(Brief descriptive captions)
········

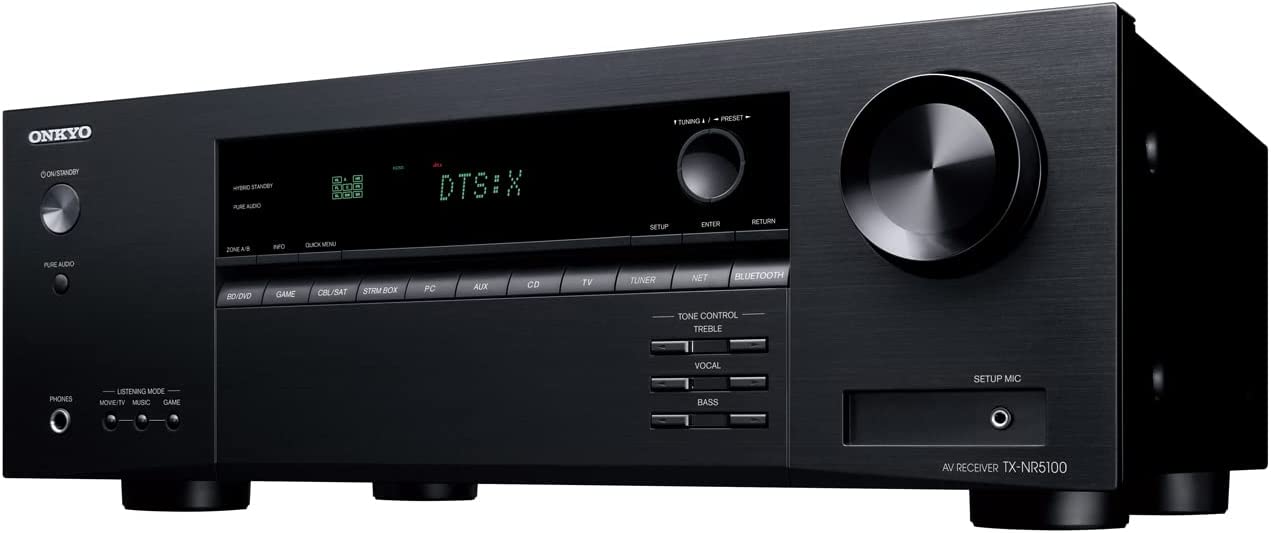 Onkyo TX-NR5100 7.2 Channel Av Receiver - Black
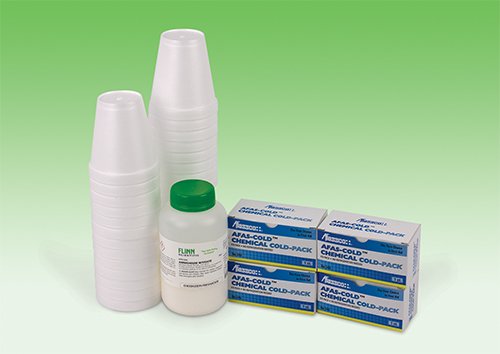 Discovering Instant Cold Packs Thermodynamics Laboratory Kit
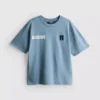7-15 años | Camiseta azul con candado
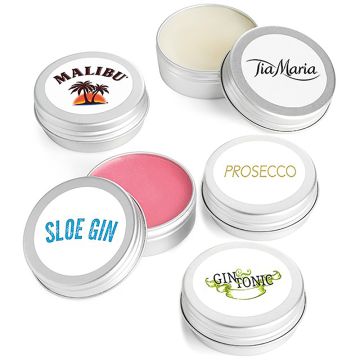 Drink Flavour Lip Balm With A Twist On Lid 10ml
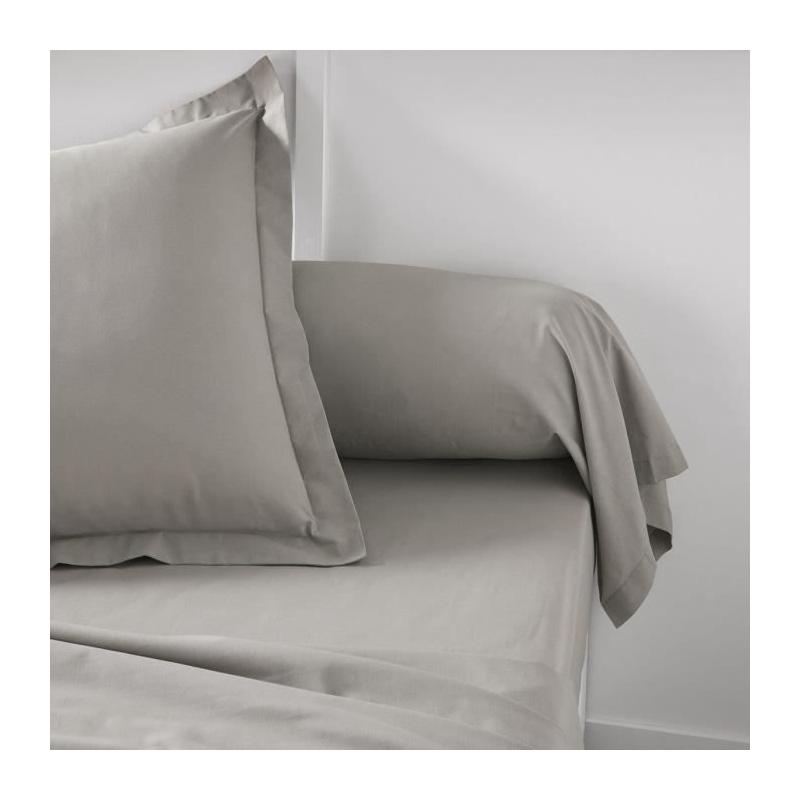 Taie de traversin - TODAY Essential - 45 x 185 cm - Coton - Beige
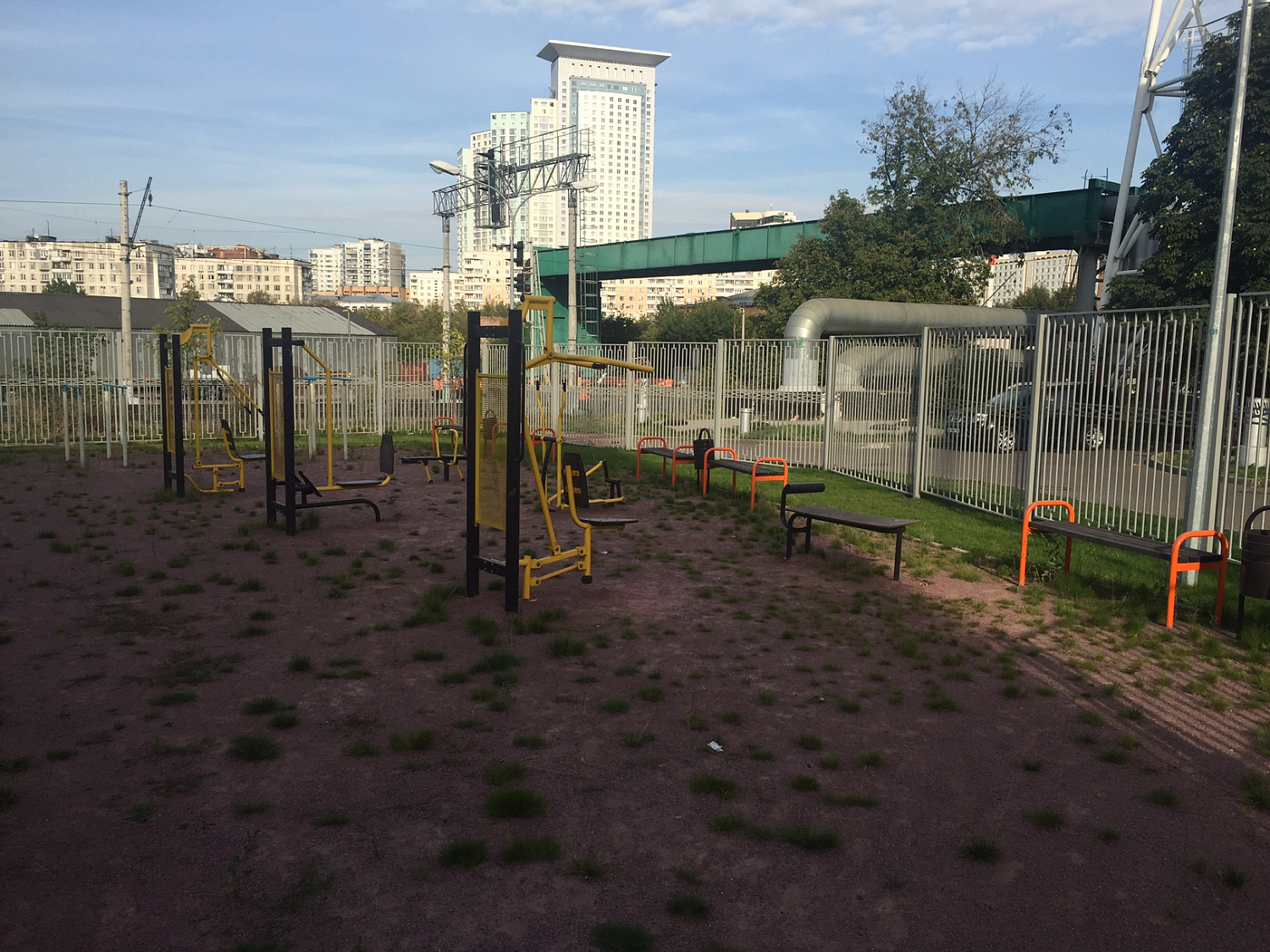 Оснащение Красносельской школы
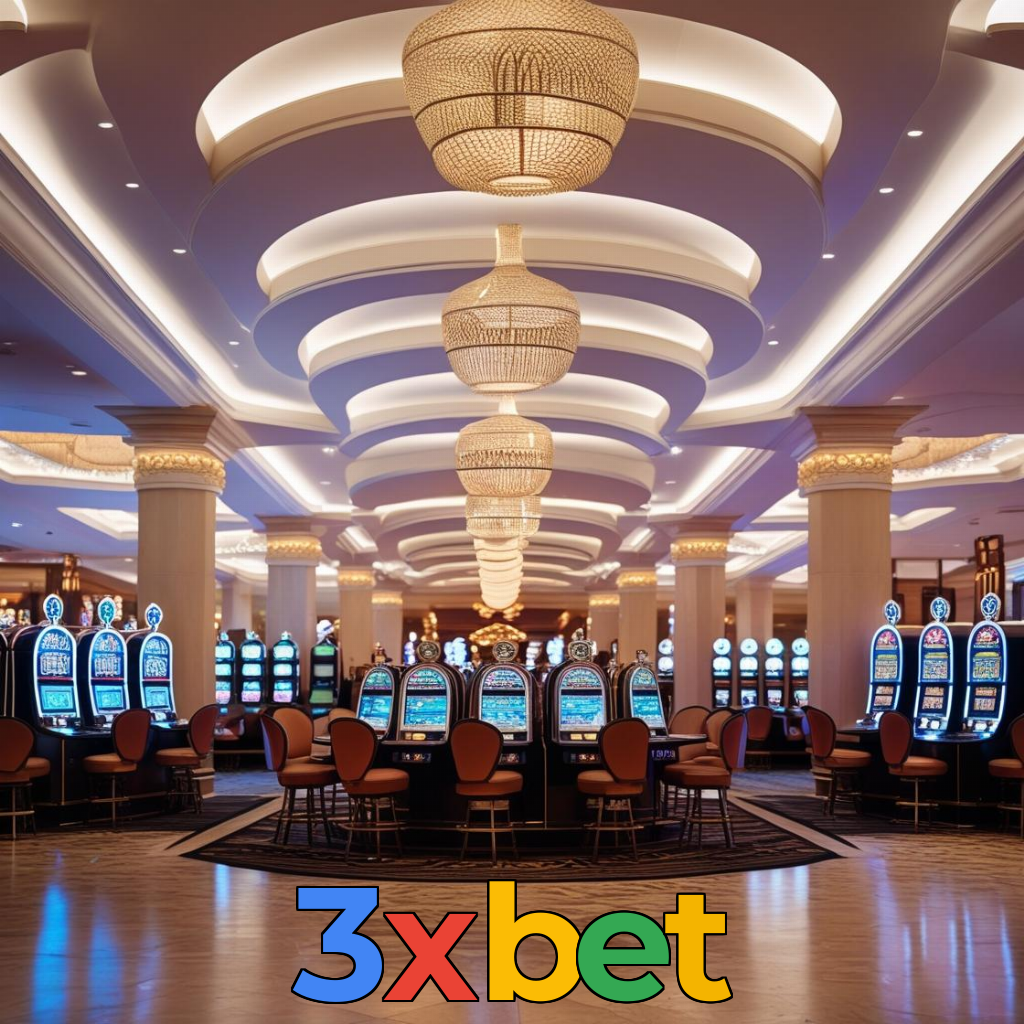 3xbet:Apostas ao vivo no futebol e diversão em jogos de cassino como slots e roleta!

········

● **Problem details**: Pictures aren't part of the copy; return each record above exactly.

● **Result of the task**:
 Onkyo TX-NR5100 7.2 Channel Av Receiver - Black
 Discovering Instant Cold Packs Thermodynamics Laboratory Kit
7-15 años | Camiseta azul con candado
 Drink Flavour Lip Balm With A Twist On Lid 10ml
 Taie de traversin - TODAY Essential - 45 x 185 cm - Coton - Beige
 Оснащение Красносельской школы
 3xbet:Apostas ao vivo no futebol e diversão em jogos de cassino como slots e roleta!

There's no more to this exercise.